While scripture has little else to say about Mary’s retirement, Christian tradition offers us additional stories about Mary’s adventures following the resurrection. In fact, there is such a rich store of extra-biblical legends about Mary that they sometimes bump against each other. There are multiple sites which all claim to be the location of Mary’s last decades of life, her death, and her bodily assumption into heaven: two in Jerusalem, one in France, and one on a mountain near Ephesus, Turkey. As pilgrims we visited this last location: the House of the Virgin Mary located at the top of Mt. Koressos.
Once again, our Bible has nothing to say regarding Mary’s retirement to Asia Minor now Turkey. What we do have is Jesus’ commendation of Mary into the care of his disciple John from the cross and the visions of at 18th century mystic.

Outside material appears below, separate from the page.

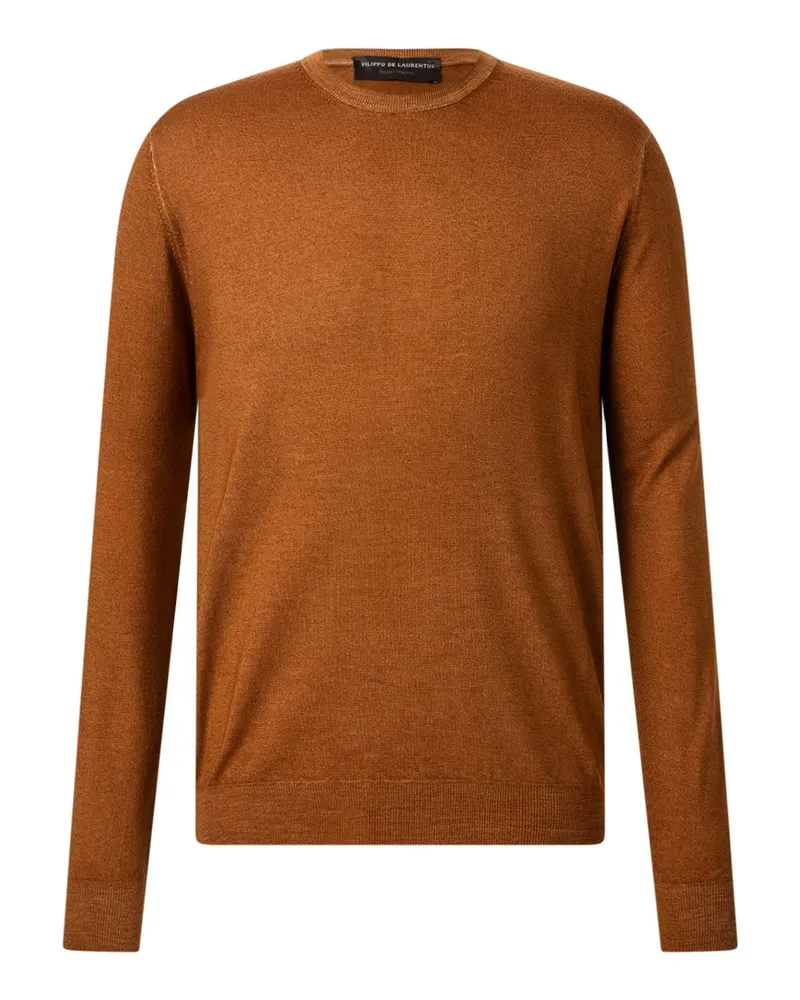 Filippo de Laurentiis Pullover aus Merinowolle Orange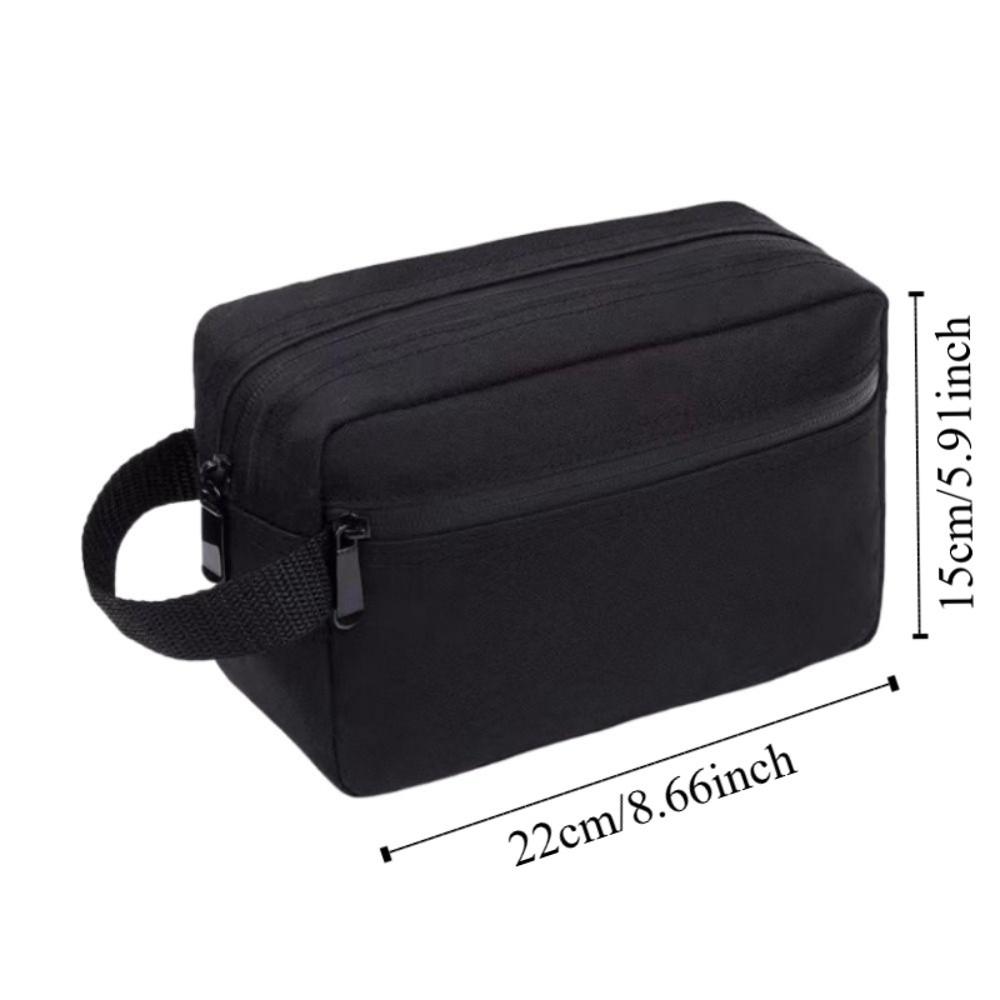 Simple Fashion Waterproof Travel Storage Bag Oxford Handle Men Wash Bag Zippered Mini Pouch Women Makeup Bag for Home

Near the cross of Jesus stood his mother, his mother’s sister, Mary the wife of Clopas, and Mary Magdalene. When Jesus saw his mother there, and the disciple whom he loved standing nearby, he said to her, “Woman, here is your son,” and to the disciple, “Here is your mother.” From that time on, this disciple took her into his home. (John 19:25-27).
From this passage we learn that in the face of unbelievable loss, John, the beloved disciple, and Mary, the Mother of Jesus, adopted each other. John is believed to have traveled to Ephesus to spread the gospel, naturally taking his adopted mother Mary with him. So some say.
Enter the mystic. Anne Catherine Emmerich, a Roman Catholic nun lived from 1774 to 1824. During her life she experienced a number of visions about the Virgin Mary, which were published after her death. In the late 19th century these visions led to the discovery of a small house on the top of Mt. Koressos. And pilgrims have been pilgriming there ever since.
Even before the Holy Spirit was tearing through Jerusalem setting everyone’s hair on fire, the church has been about creating family in the face of loss. At the foot of the cross, John was there for Mary to cling to as her son hung in agony. Mary was there for John weep with as he watched his friend dying by inches. Jesus saw this sharing of pain and sanctified it from the cross: “Woman, here is your son.”
The House of the Virgin Mary honors this kind of love, the love of people who have been placed, drawn, or even thrown together, and are richer for it. For instance, Mary’s House is a unique holy site in that it is visited and cared for by both Christians and Muslims, since both faiths honor Mary.
Our visit began with a visit to Mary’s House itself. We were given a chance to enter, pray, and light a candle if the Spirit so moved us. From there we gathered for a brief worship service nearby. We read the Annunciation where Mary learns that she will conceive and give birth to the Messiah followed by Jesus’ commendation of Mary into John’s care from the cross. We talked about what it meant to love and care for one another in the face of loss. We sang the Magnificat, and celebrated the Lord’s supper.
Afterwards we went down a series of steps to a sacred spring believed to have healing qualities. Near by, there is a wall where both Christians and Muslims are able to write down prayers on bits of ribbon and tie them to a wall. At Mary’s House, our longings are named together.